What the task asks -> Shown below are entries with pictures; the line with "Relaxed-Fit Pleated Tapered Trousers in Ecru" through the line with "view of front" is the span to retype exactly, and the pictures stay out.

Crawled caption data
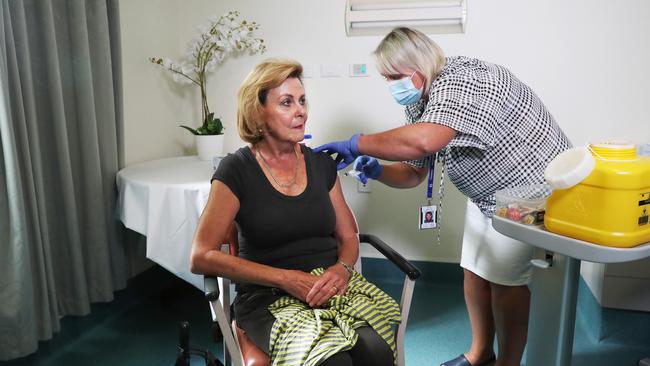 Doctor Helen McArdle AMA President AMA Tasmania with clinical nurse consultant Nikki Lane at the Roy Fagan Centre in Hobart. First Tasmanians to be given the AstraZeneca vaccination against COVID-19. Picture: Nikki Davis-Jones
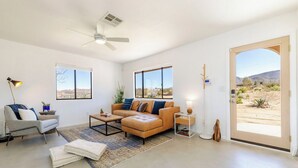 A modern living room with a sofa, coffee table, and a large window offering a view of a desert landscape.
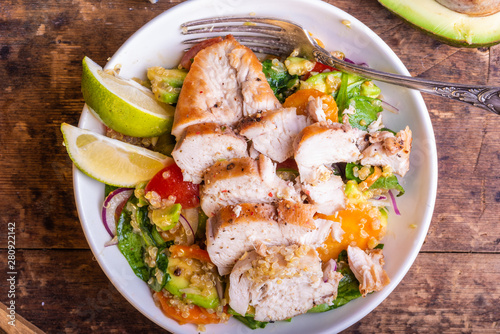 Bowl of salad with quinoa, carrots, avocado, onion, pepper, tomato with lime slices and chopped chicken breast on a rustic wooden background close-up - healthy eating concept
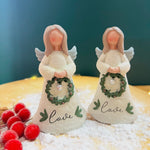 Two ceramic Christmas angel figurines, one holding a green wreath with 'Love' written on it, and the other holding a white wreath with 'C' written on it, standing on a bed of fake snowflakes.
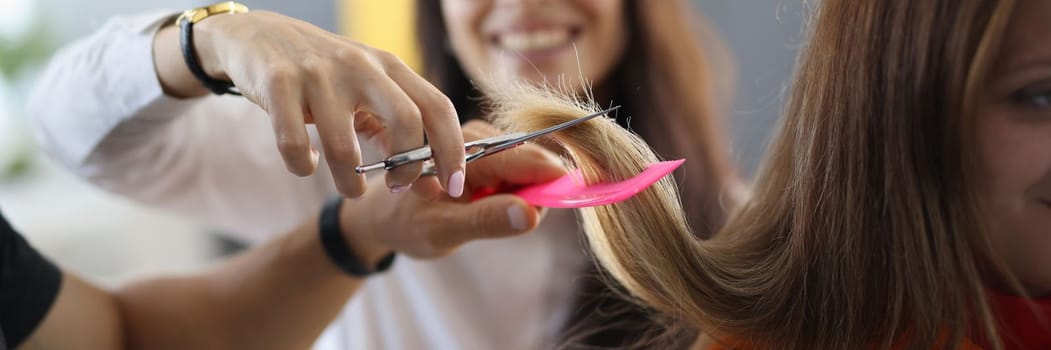 Student in hairdressing is learning how to cut hair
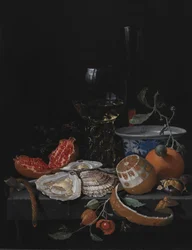 Ostras, fruta y una copa de vino en una mesa de piedra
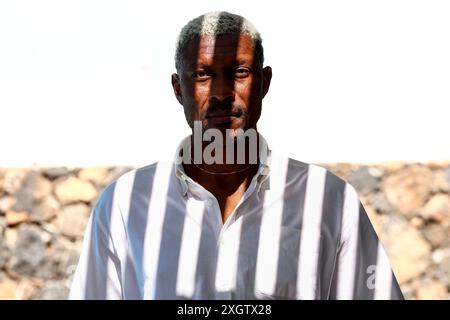 A portrait of a middle-aged Black man wearing a white shirt, standing outdoors. The man is looking at the camera with a calm expression, illuminated b Stock Photo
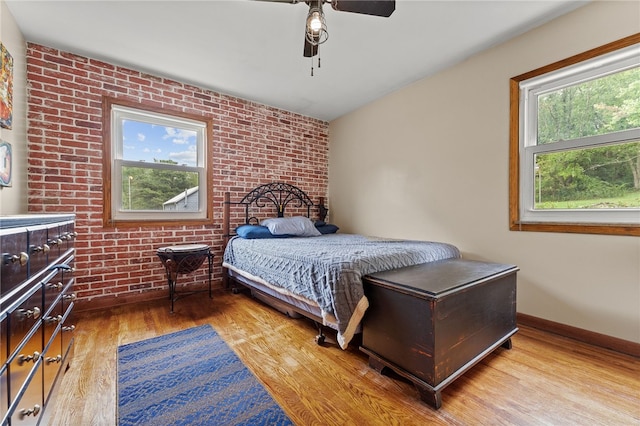 bedroom featuring ceiling fan, multiple windows, brick wall, and hardwood / wood-style floors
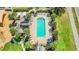 Aerial view of a rectangular community pool with many lounge chairs surrounded by palm trees at 215 Elderberry Dr, Davenport, FL 33897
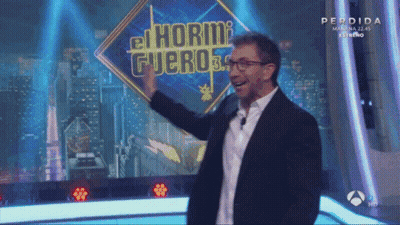 Man In Front Of Sign Saying El Hormi Fuero GIF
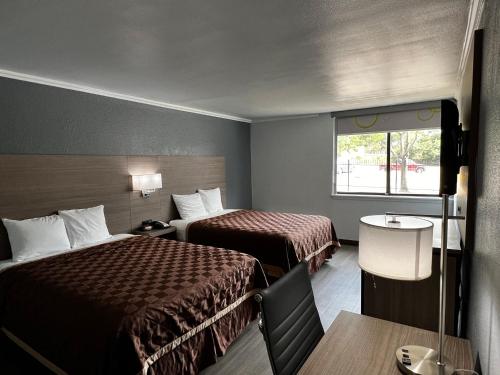 a hotel room with two beds and a table at Super 8 by Wyndham Fort Worth Entertainment District in Fort Worth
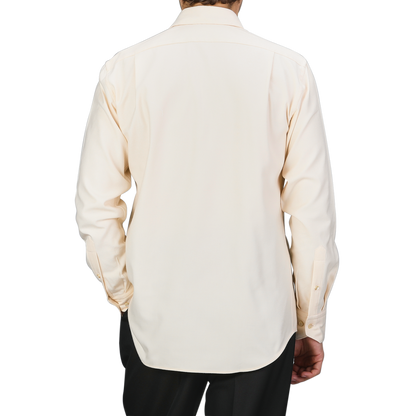 Rear view of a person wearing the Off-White Cotton Flannel Fitted Body Shirt by Stenströms with mother-of-pearl buttons, paired with dark pants against a neutral background.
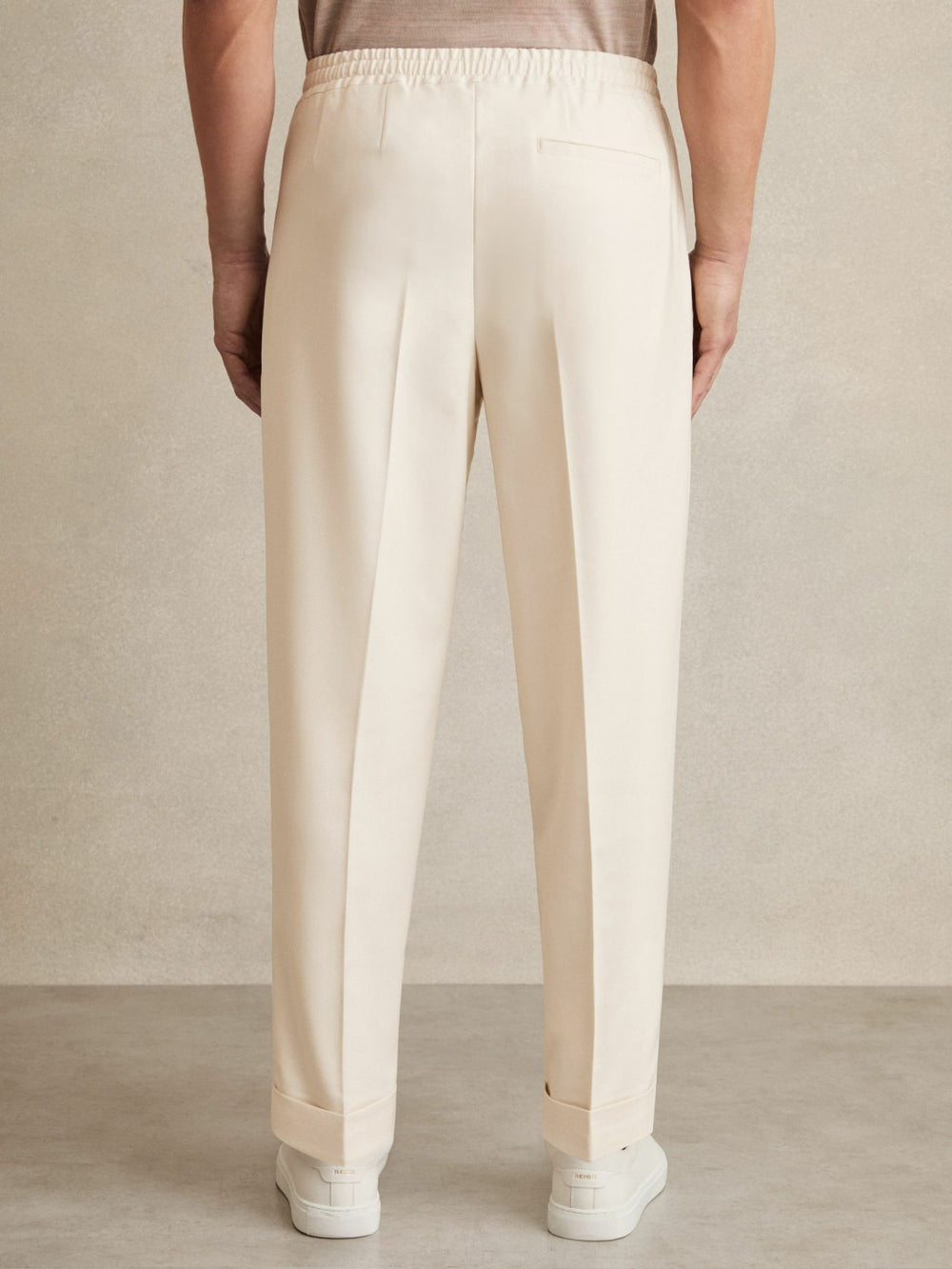 Relaxed-Fit Pleated Tapered Trousers in Ecru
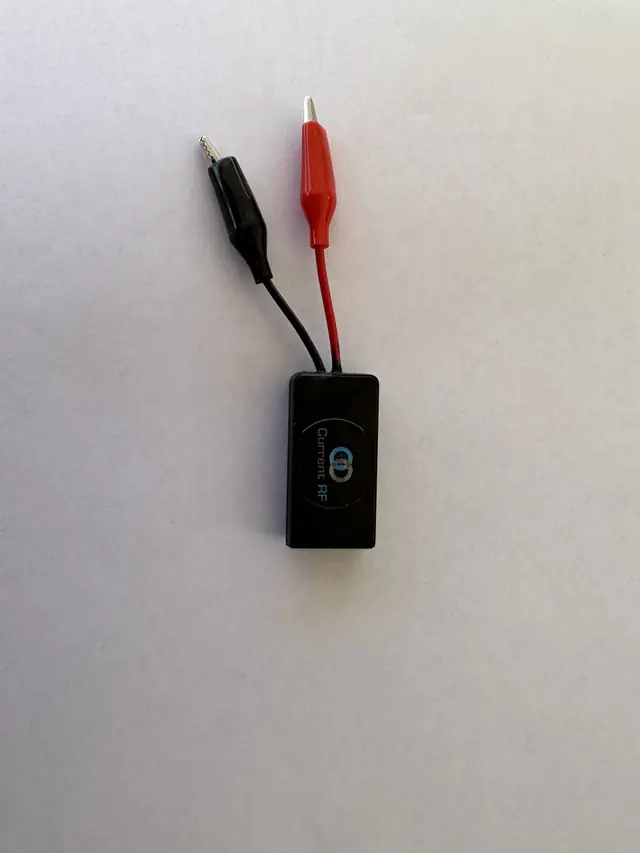 A single Current RF clip-lead Mileage Booster module on a grey ground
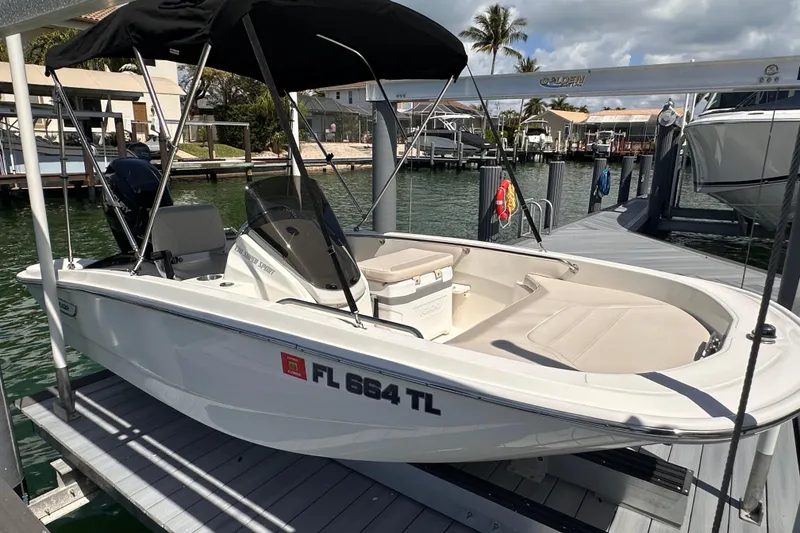 Slide: The Image of 2023 Boston Whaler 13 SS boat docked, featuring sleek design and comfortable seating. - 3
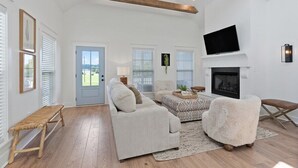 A spacious living room with a fireplace, a television mounted on the wall, and a bench. - Dixieland Delight at River Rocks Plantation (Guntersville)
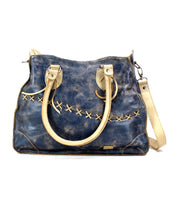 The Bruna tote bag from Bed Stu is a blue leather accessory with beige handles and intricate cross-stitch patterns. Displaying artisanal craftsmanship, this leather bag features a detachable shoulder strap with silver hardware.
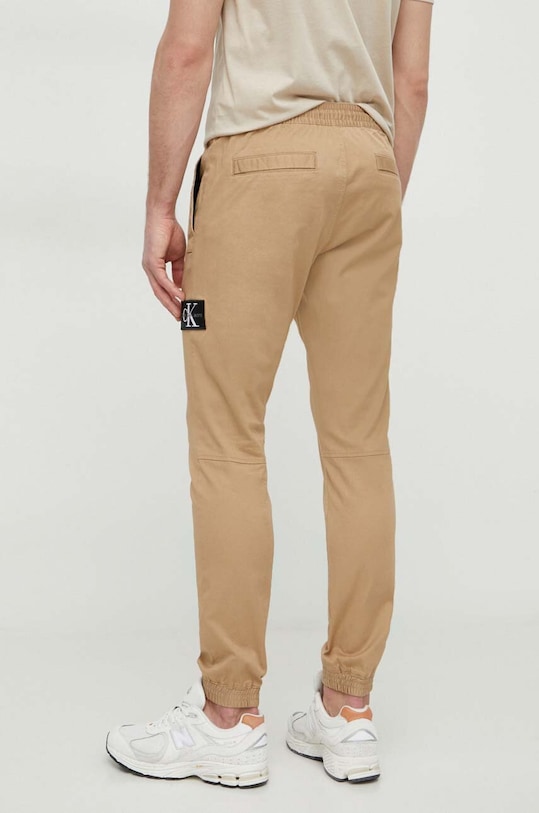 Oblečenie Nohavice Calvin Klein Jeans J30J325114 béžová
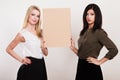 Two women holding blank board Royalty Free Stock Photo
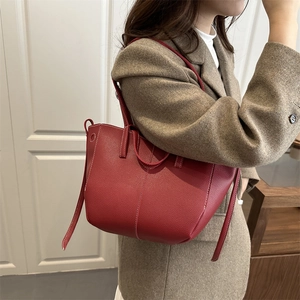 Deep red pebbled leather bucket bag with white contrast stitching and drawstring detail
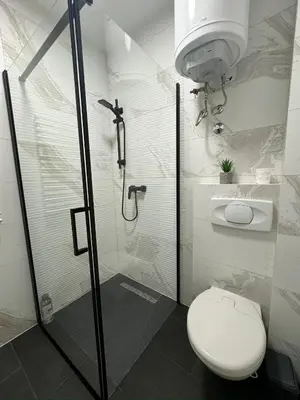 a bathroom with a shower with a toilet and a sink at Winter Nights Vlasic in Vlasic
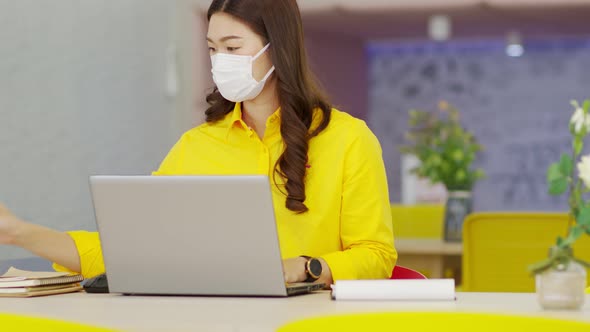 Asian business woman wearing face mask looking laptop working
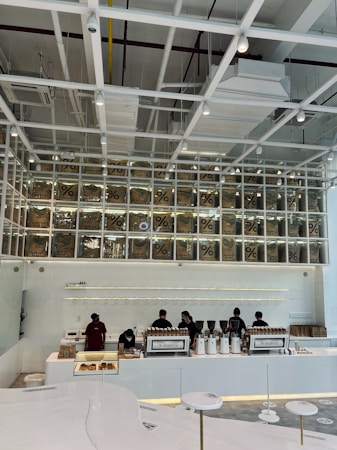 A modern coffee shop interior features a sleek, minimalist design with white and neutral tones. Several employees work behind a long counter equipped with coffee-making machines. Above the counter, transparent boxes with coffee bags labeled with a percentage sign are stacked, creating an artistic display. Overhead, the ceiling has an industrial look with exposed beams and ductwork.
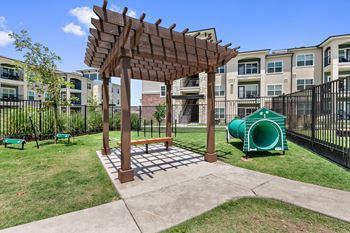 A wooden pergola with a bench is in the middle of a playground.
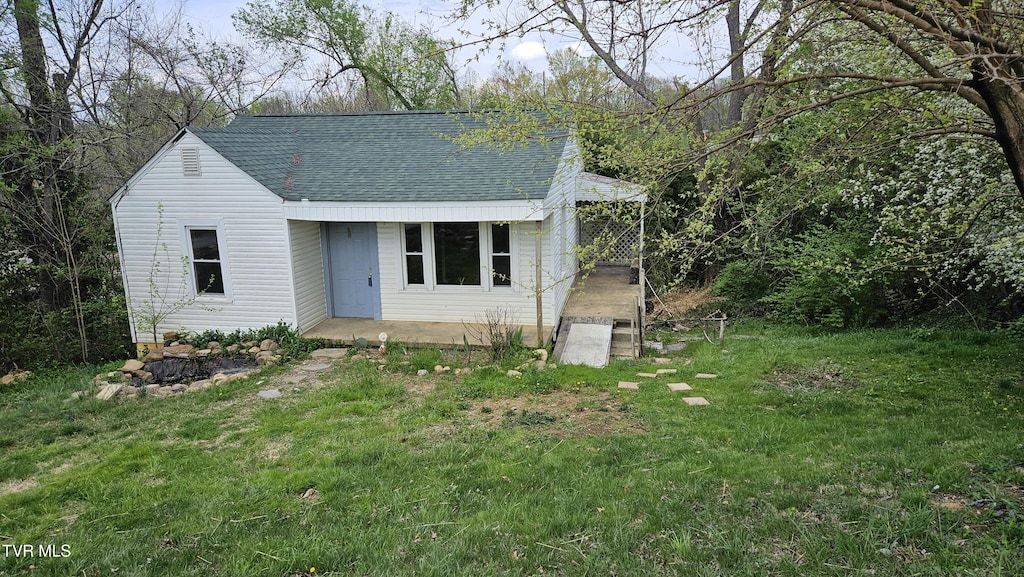 view of front of home featuring a front yard and roof with shingles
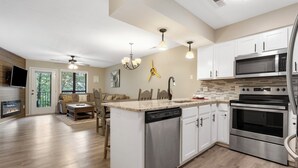 A modern kitchen with white cabinets, stainless steel appliances, and a central island with a dishwasher. - Lavish Waterfront Condo 60ft from Table Rock Lake! (Branson)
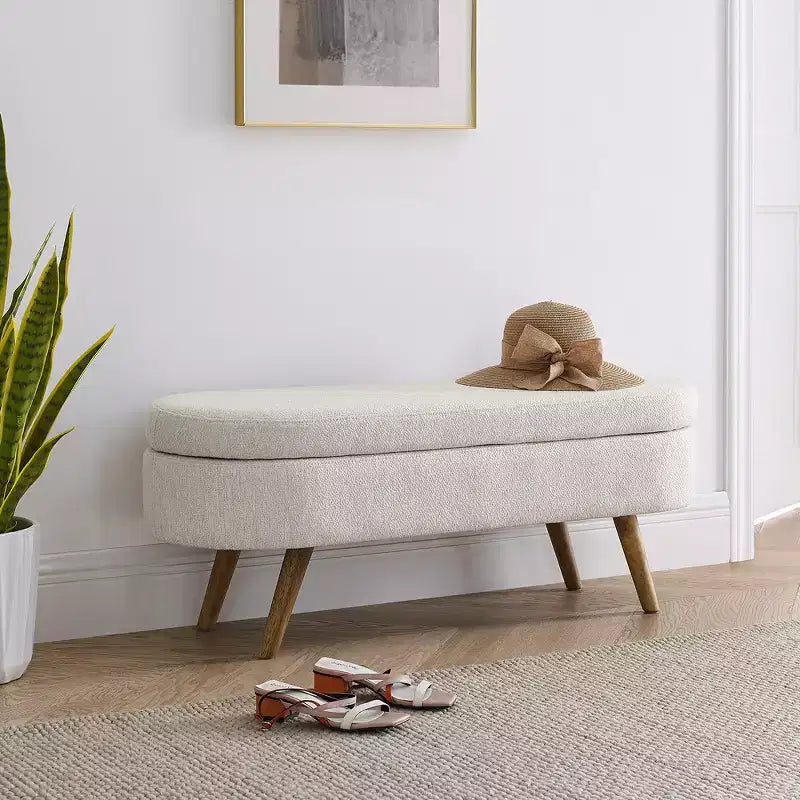 Banc de rangement ottoman Zeus et Ruta en tissu ovale avec pieds en bois d'hévéa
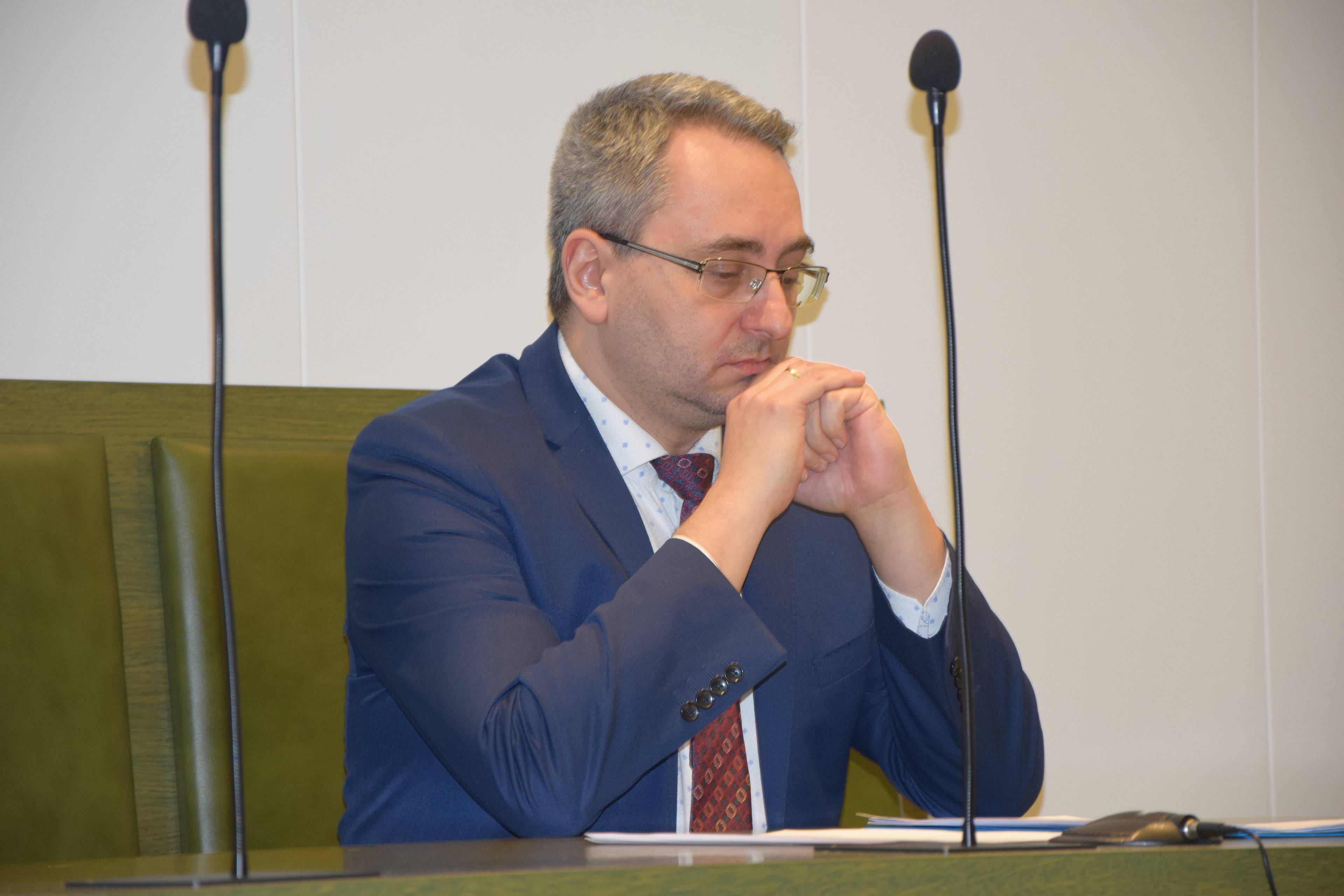 Mężczyzna w okularach siedzi za stołme w sali sądowej. Michał Lasota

The answer ->
 Relaxed-Fit Pleated Tapered Trousers in Ecru
 A single Current RF clip-lead Mileage Booster module on a grey ground
 Slide: The Image of 2023 Boston Whaler 13 SS boat docked, featuring sleek design and comfortable seating. - 3
 A spacious living room with a fireplace, a television mounted on the wall, and a bench. - Dixieland Delight at River Rocks Plantation (Guntersville)
 The Bruna tote bag from Bed Stu is a blue leather accessory with beige handles and intricate cross-stitch patterns. Displaying artisanal craftsmanship, this leather bag features a detachable shoulder strap with silver hardware.
 Oblečenie Nohavice Calvin Klein Jeans J30J325114 béžová
 Two women holding blank board Royalty Free Stock Photo
 Deep red pebbled leather bucket bag with white contrast stitching and drawstring detail
 a bathroom with a shower with a toilet and a sink at Winter Nights Vlasic in Vlasic
 Asian business woman wearing face mask looking laptop working
 A modern coffee shop interior features a sleek, minimalist design with white and neutral tones. Several employees work behind a long counter equipped with coffee-making machines. Above the counter, transparent boxes with coffee bags labeled with a percentage sign are stacked, creating an artistic display. Overhead, the ceiling has an industrial look with exposed beams and ductwork.
 A wooden pergola with a bench is in the middle of a playground.
 view of front of home featuring a front yard and roof with shingles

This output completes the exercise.